Die Geheimdienste benötigten "einen vollen Werkzeugkasten, mit dem wir in der Lage sind, die Probleme von heute zu lösen", sagte der Chef des Bundesamtes für Verfassungsschutz (BfV), Hans-Georg Maaßen. Vor allem das Spannungsverhältnis zwischen Datenschutz und Sicherheit dürfe "nicht statisch und schon gar nicht dogmatisch" gesehen werden.

Gefragt nach seiner Wunschliste nannte Maaßen unter anderem einen besseren Zugriff auf die Kommunikationsdaten von Messenger-Diensten wie WhatsApp. Außerdem hätte der Verfassungsschutzchef gerne, dass die Geheimdienste "die gesamte Telefonkommunikation" von der Daesh-Hochburg Raka nach Deutschland überwachen könnten.

Die Sicherheitslage sei heute "wesentlich komplexer" als noch vor einigen Jahrzehnten, sagte Maaßen. Die "größte Bedrohung" sei dabei der Terrorismus. Außerdem sei ein Anstieg von gewaltbereitem Rechts- und Linksextremismus sowie der Cyberspionage zu verzeichnen.

Auch der Chef des Bundesnachrichtendienstes (BND), Bruno Kahl, verwies darauf, dass die deutschen Geheimdienste "aktuell vor großen Herausforderungen, wenn nicht vor den größten Herausforderungen der letzten Jahrzehnte" stünden. Kahl nannte dabei vor allem die sich immer schneller verändernden technischen Möglichkeiten durch die Digitalisierung.

"Wir müssen aufpassen, dass wir als Dienste mit dieser Entwicklung Schritt halten", mahnte der BND-Chef. Maaßen und Kahl sprachen sich für offensive Cyberfähigkeiten der Geheimdienste aus, um etwa vor einer befürchteten Attacke einen verdächtigen Server ausschalten zu können.

Der Bundestag hatte vergangenen Oktober beschlossen, dass das für Geheimdienstkontrolle zuständige PKGr einmal jährlich eine öffentliche Anhörung veranstaltet. Neben Kahl und Maaßen befragten die Abgeordneten am Donnerstag auch den Leiter des Militärischem Abschirmdienstes (MAD), Christof Gramm.
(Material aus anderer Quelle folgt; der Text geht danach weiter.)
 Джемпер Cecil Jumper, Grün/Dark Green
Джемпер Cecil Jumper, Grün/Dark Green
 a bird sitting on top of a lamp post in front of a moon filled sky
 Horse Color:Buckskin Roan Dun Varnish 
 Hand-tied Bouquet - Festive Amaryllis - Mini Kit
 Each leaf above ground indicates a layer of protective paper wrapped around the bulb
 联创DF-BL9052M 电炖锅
Der Linken-Politiker und stellvertretende PKGr-Vorsitzende André Hahn beklagte nach der Sitzung, dass sich die Geheimdienstchefs nicht für die "Pannen und Skandale der letzten Jahre" entschuldigt hätten. "Das war eine vertane Chance", sagte er. Auch Hahn kritisierte, dass die Antworten meist im Ungefähren blieben - was allerdings nicht zuletzt der Geheimhaltungspflicht für vertrauliche Vorgänge geschuldet war.
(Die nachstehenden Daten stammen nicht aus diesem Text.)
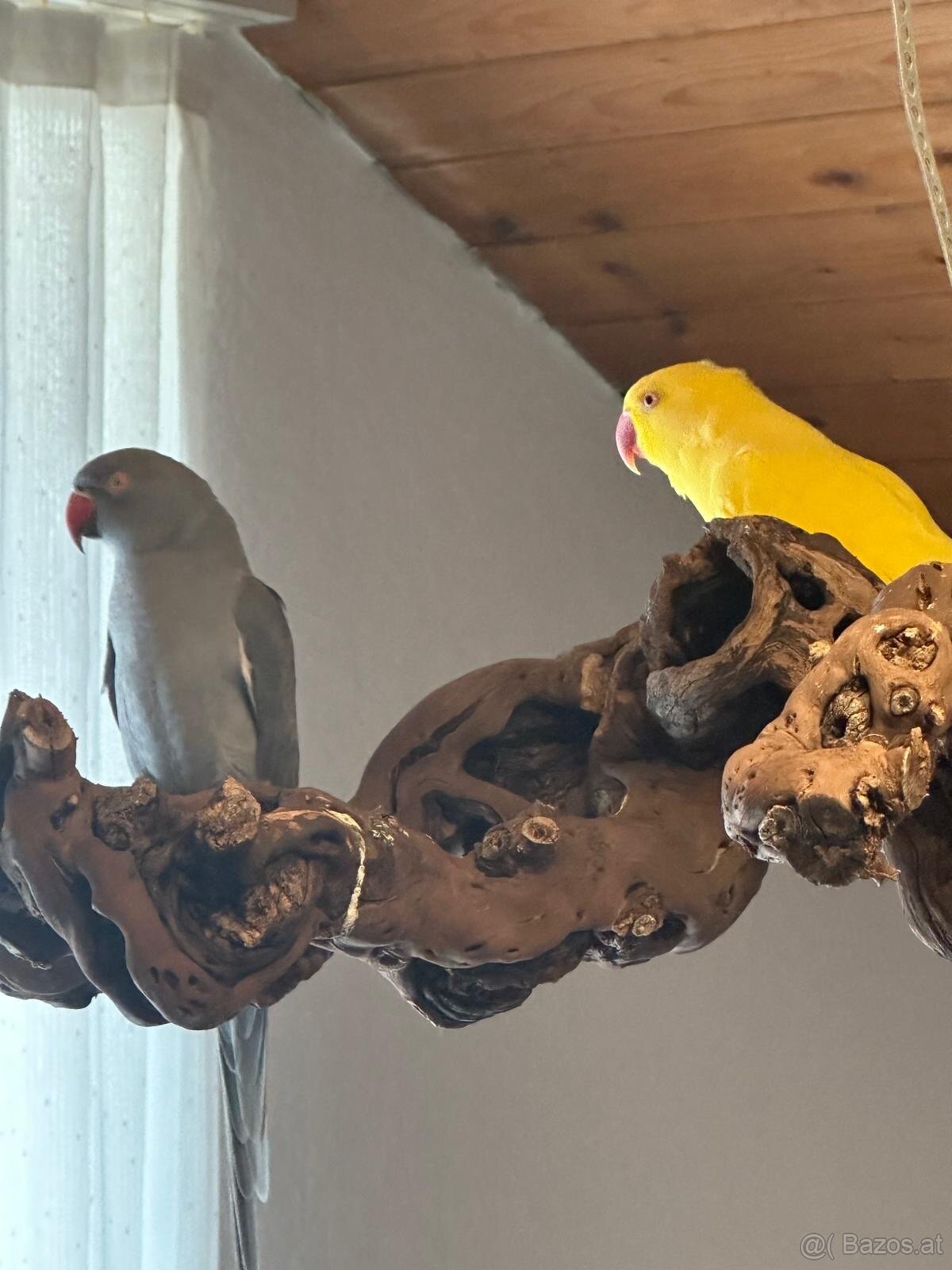 Halsbandsittiche Zuchtpaar – Gelb/Grau – mit Käfig, Zu - 4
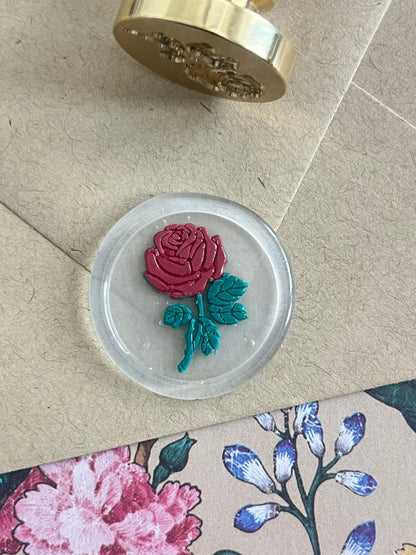 Rose in Bloom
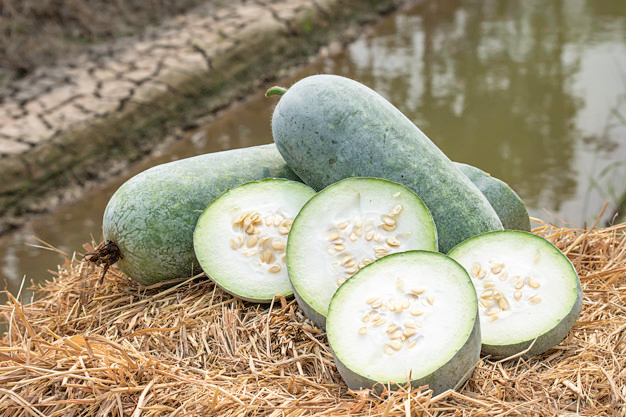 冬瓜】去熱、利水、夏天瘦身必吃聖品！冬瓜為什麼叫冬瓜？ - 愛料理生活誌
Bei Fragen zur vom Verfassungsschutz lange übersehenen Mordserie des rechtsextremen NSU verwies Maaßen vor allem auf den verbesserten Informationsaustausch, mit dem derartige Geschehnisse künftig verhindert werden sollen. Zur Spähaffäre um den US-Geheimdienst NSA erklärte Kahl, dass sein Haus gerade die jüngste BND-Reform umsetze und die Abschöpfung von Kommunikationsdaten nun "sehr viel genauer" steuere.

MAD-Chef Gramm musste sich vor dem Hintergrund des Falls Franco A. derweil insbesondere zum Rechtsextremismus in der Bundeswehr äußern. Der Ende April festgenommene Bundeswehr-Offizier hatte ein Doppelleben als syrischer Flüchtling geführt und soll gemeinsam mit Komplizen einen rechtsextremen Anschlag geplant haben.

Nach Bekanntwerden der Affäre habe es aufgrund vermehrter Meldungen zwar einen "massiven Anstieg" bei Verdachtsfällen im Bereich des Rechtsextremismus gegeben, sagte Gramm. Die Zahl der erkannten Extremisten liege aber weiter auf dem Niveau der Vorjahre. Ein "Hort des Rechtsextremismus" sei die Bundeswehr keineswegs, betonte er.